Task statement »
Any picture among the records should be left out, please; retype the rest exactly.

Scraped caption text data »
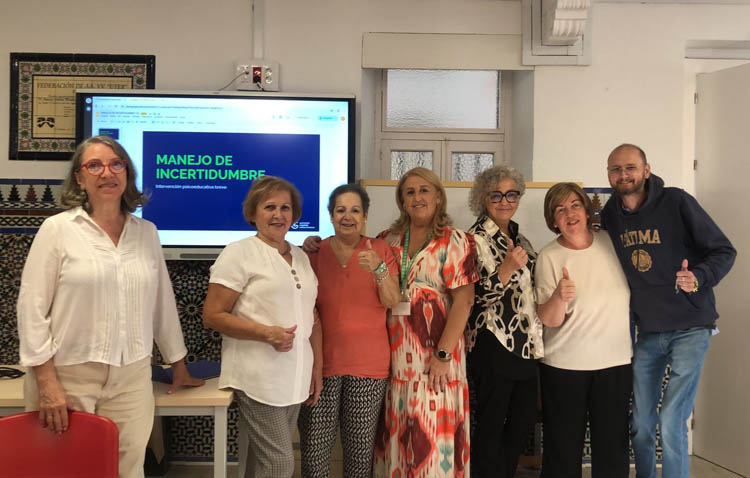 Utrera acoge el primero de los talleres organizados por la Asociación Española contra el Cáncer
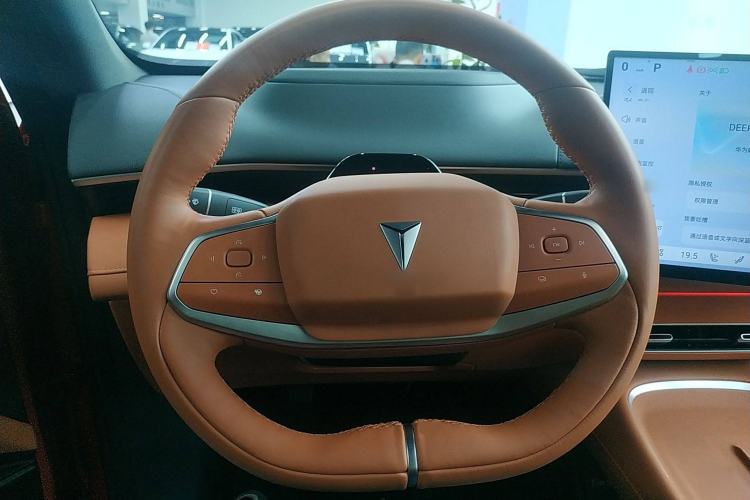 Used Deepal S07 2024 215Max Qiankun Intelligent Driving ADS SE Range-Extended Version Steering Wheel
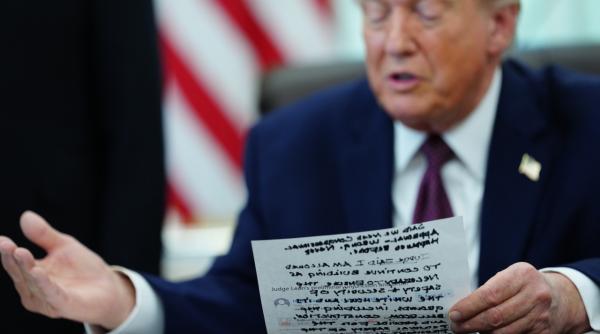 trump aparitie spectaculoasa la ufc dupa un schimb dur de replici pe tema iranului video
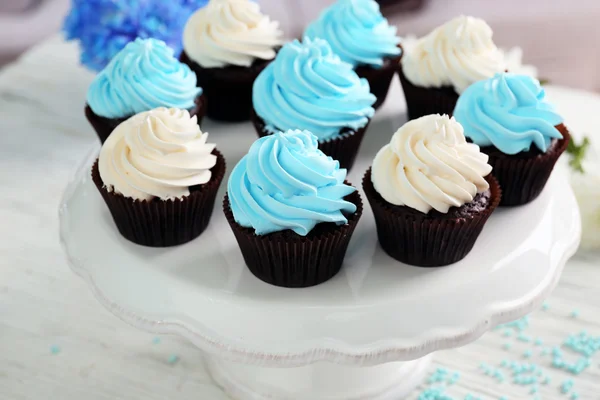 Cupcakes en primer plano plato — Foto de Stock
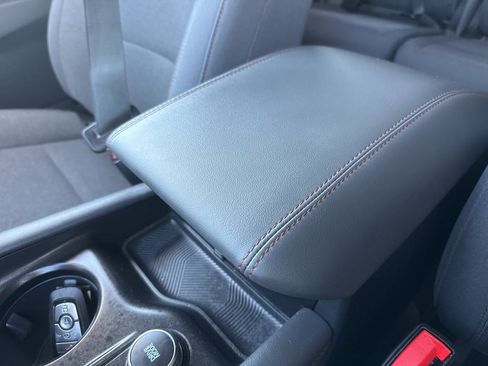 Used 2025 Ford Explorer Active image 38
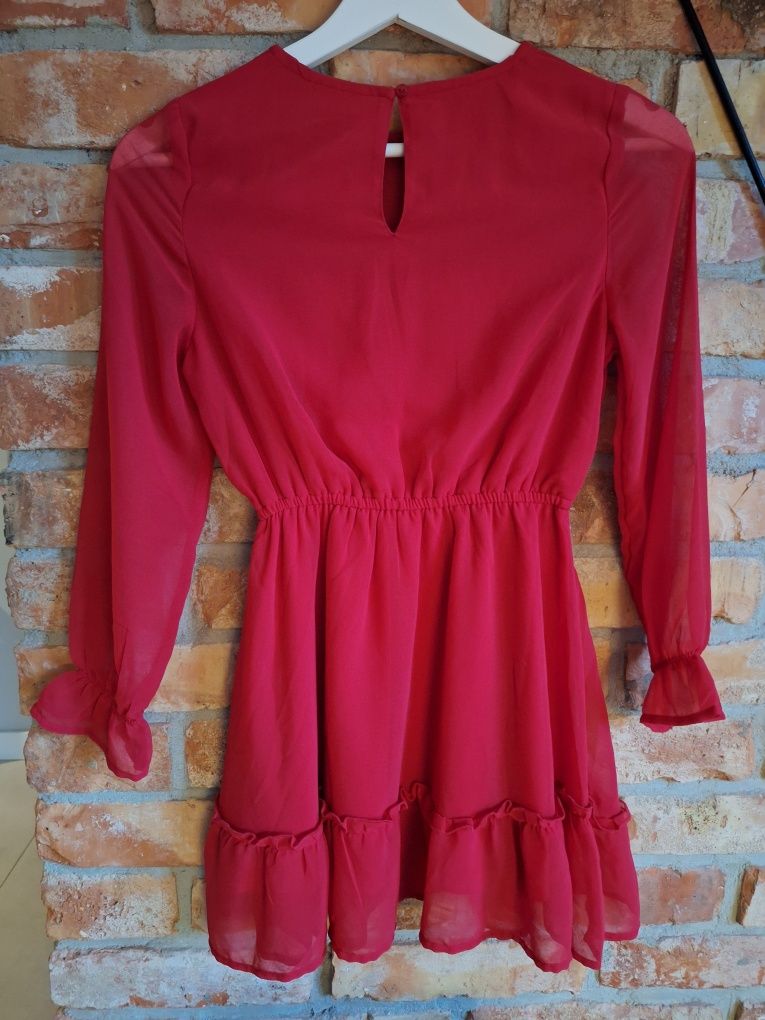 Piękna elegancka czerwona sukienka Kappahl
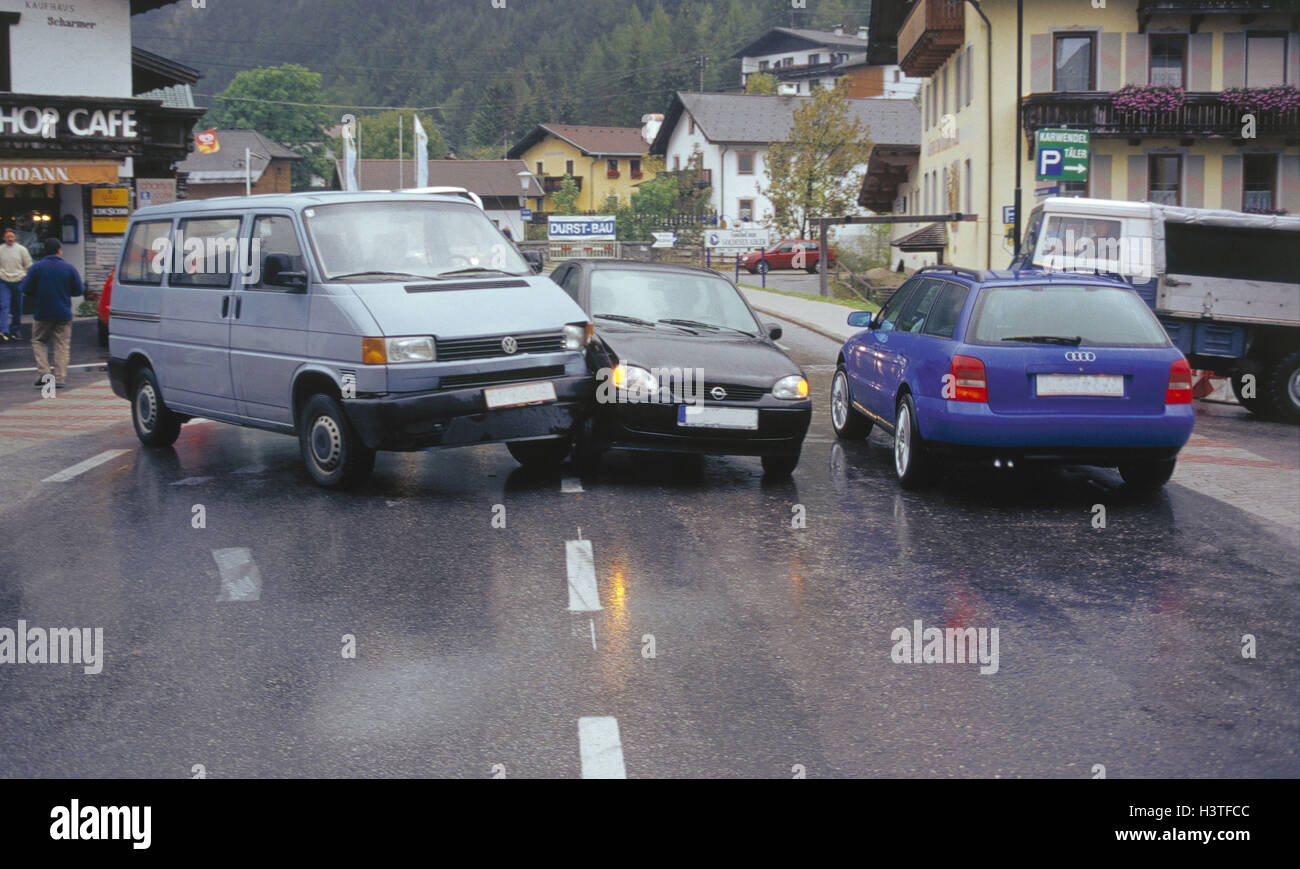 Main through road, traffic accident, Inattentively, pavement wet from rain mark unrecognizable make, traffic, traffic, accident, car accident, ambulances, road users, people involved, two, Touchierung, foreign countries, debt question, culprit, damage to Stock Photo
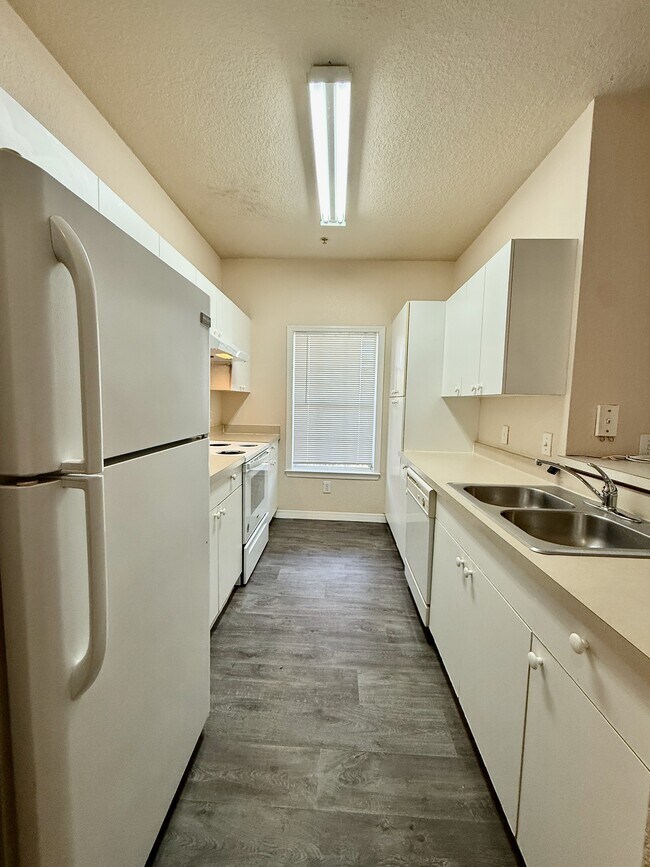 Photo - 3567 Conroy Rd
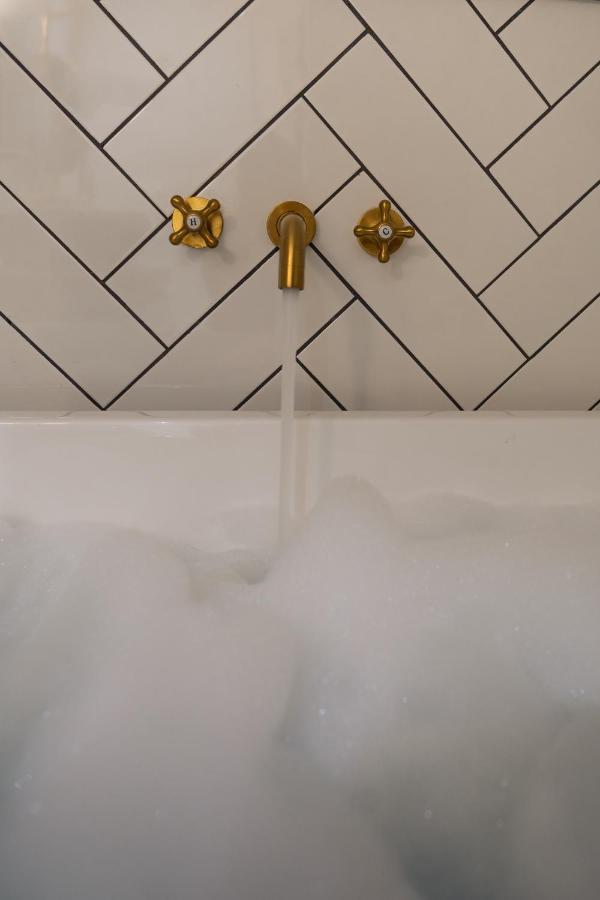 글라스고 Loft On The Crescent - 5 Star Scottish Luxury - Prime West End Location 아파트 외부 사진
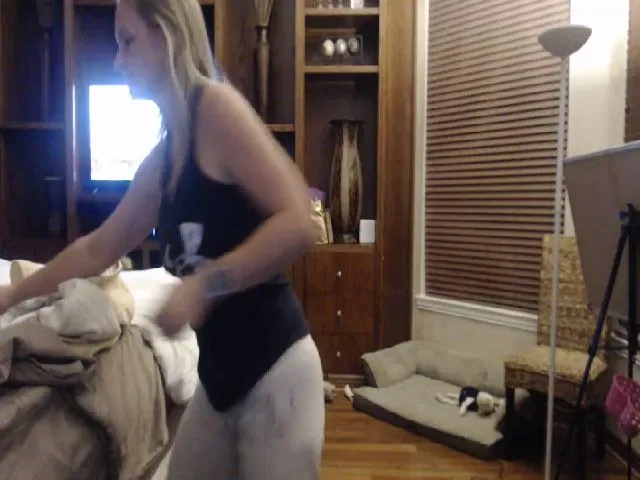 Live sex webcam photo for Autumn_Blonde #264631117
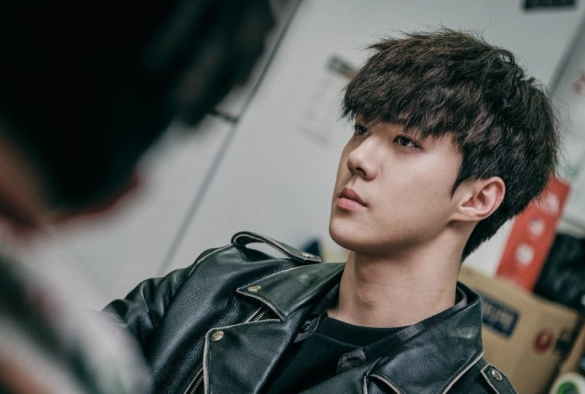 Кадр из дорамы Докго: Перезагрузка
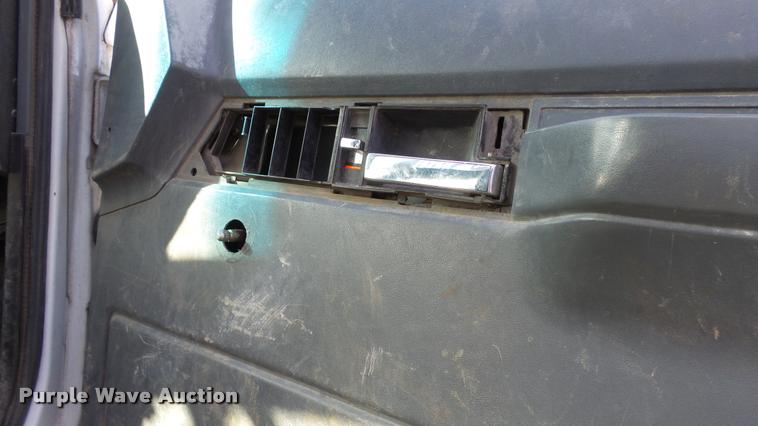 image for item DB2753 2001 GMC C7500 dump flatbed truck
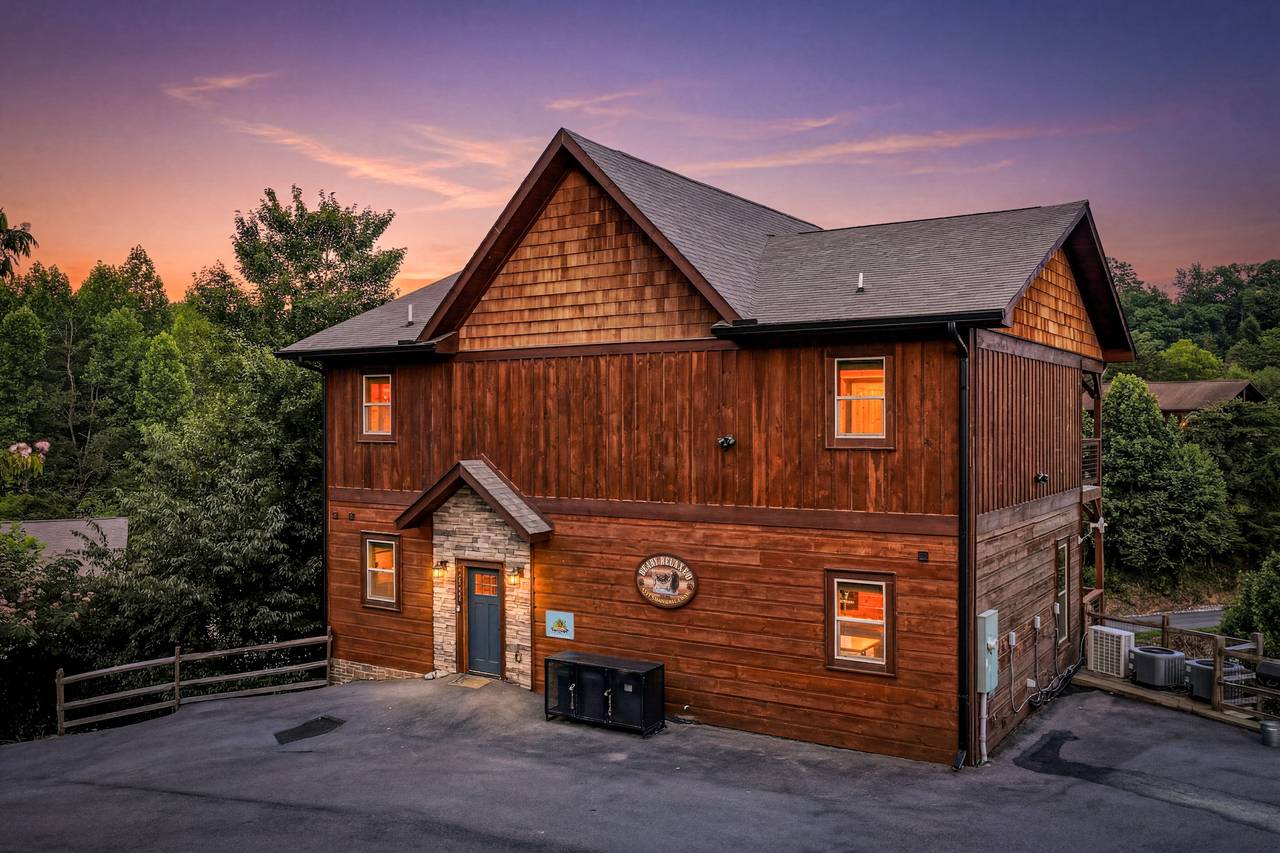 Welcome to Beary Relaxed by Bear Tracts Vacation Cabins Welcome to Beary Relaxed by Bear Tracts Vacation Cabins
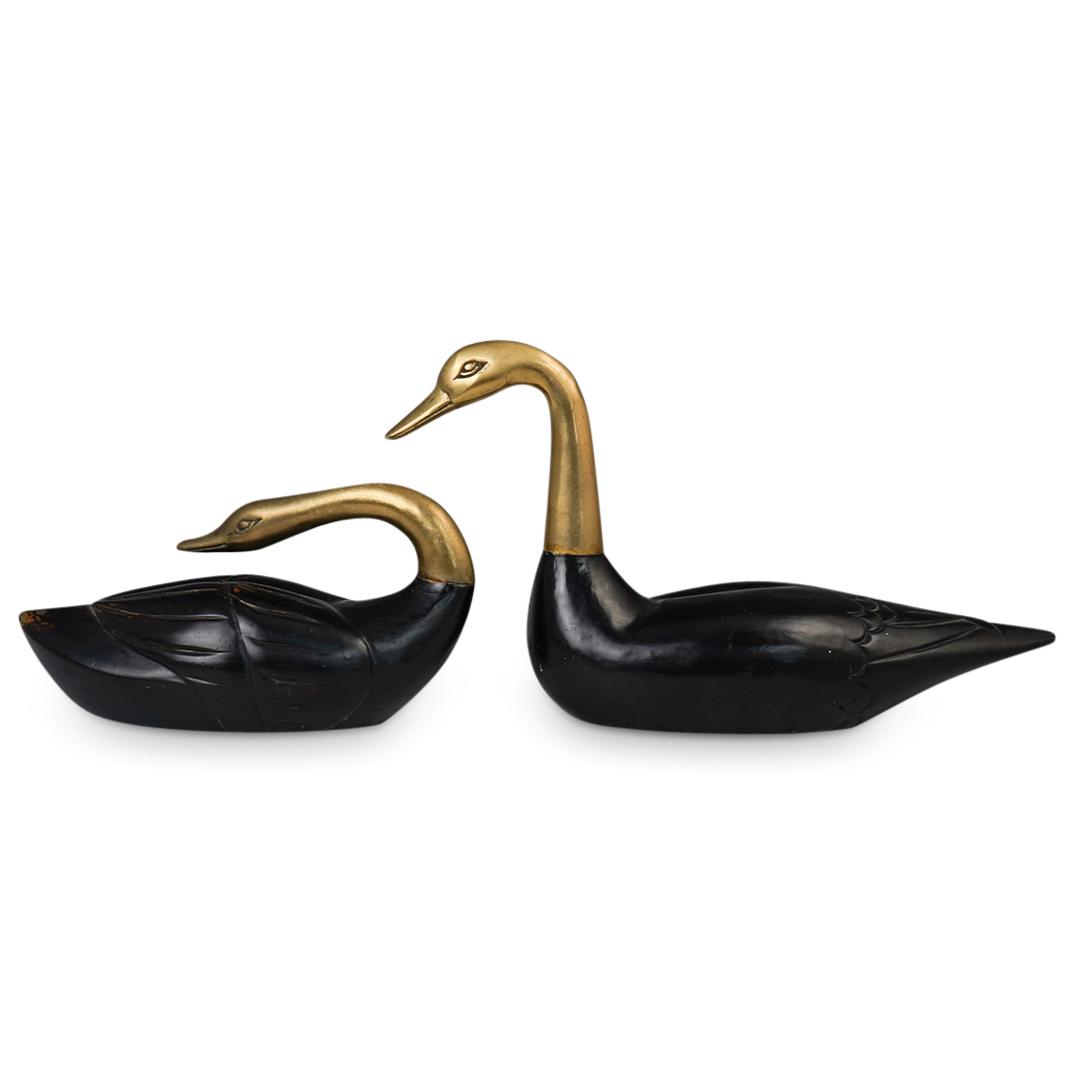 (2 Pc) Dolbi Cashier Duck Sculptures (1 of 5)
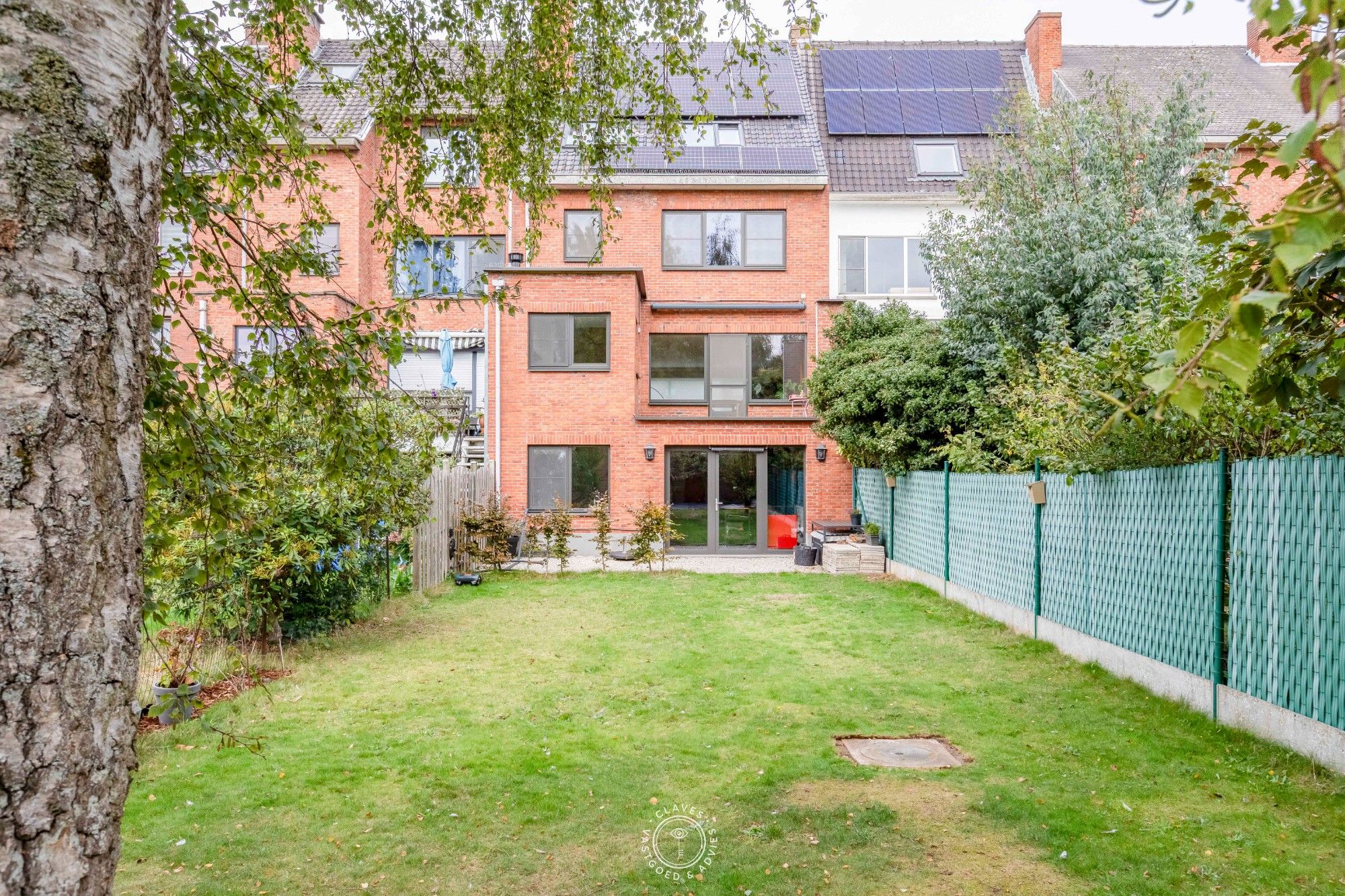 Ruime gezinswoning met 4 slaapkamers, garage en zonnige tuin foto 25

Response area »
 Utrera acoge el primero de los talleres organizados por la Asociación Española contra el Cáncer
 Used Deepal S07 2024 215Max Qiankun Intelligent Driving ADS SE Range-Extended Version Steering Wheel
 trump aparitie spectaculoasa la ufc dupa un schimb dur de replici pe tema iranului video
 Cupcakes en primer plano plato — Foto de Stock
 Used 2025 Ford Explorer Active image 38
 Piękna elegancka czerwona sukienka Kappahl
 Main through road, traffic accident, Inattentively, pavement wet from rain mark unrecognizable make, traffic, traffic, accident, car accident, ambulances, road users, people involved, two, Touchierung, foreign countries, debt question, culprit, damage to Stock Photo
 Photo - 3567 Conroy Rd
 글라스고 Loft On The Crescent - 5 Star Scottish Luxury - Prime West End Location 아파트 외부 사진
 Live sex webcam photo for Autumn_Blonde #264631117
 Кадр из дорамы Докго: Перезагрузка
 image for item DB2753 2001 GMC C7500 dump flatbed truck
 Welcome to Beary Relaxed by Bear Tracts Vacation Cabins Welcome to Beary Relaxed by Bear Tracts Vacation Cabins
 (2 Pc) Dolbi Cashier Duck Sculptures (1 of 5)
 Ruime gezinswoning met 4 slaapkamers, garage en zonnige tuin foto 25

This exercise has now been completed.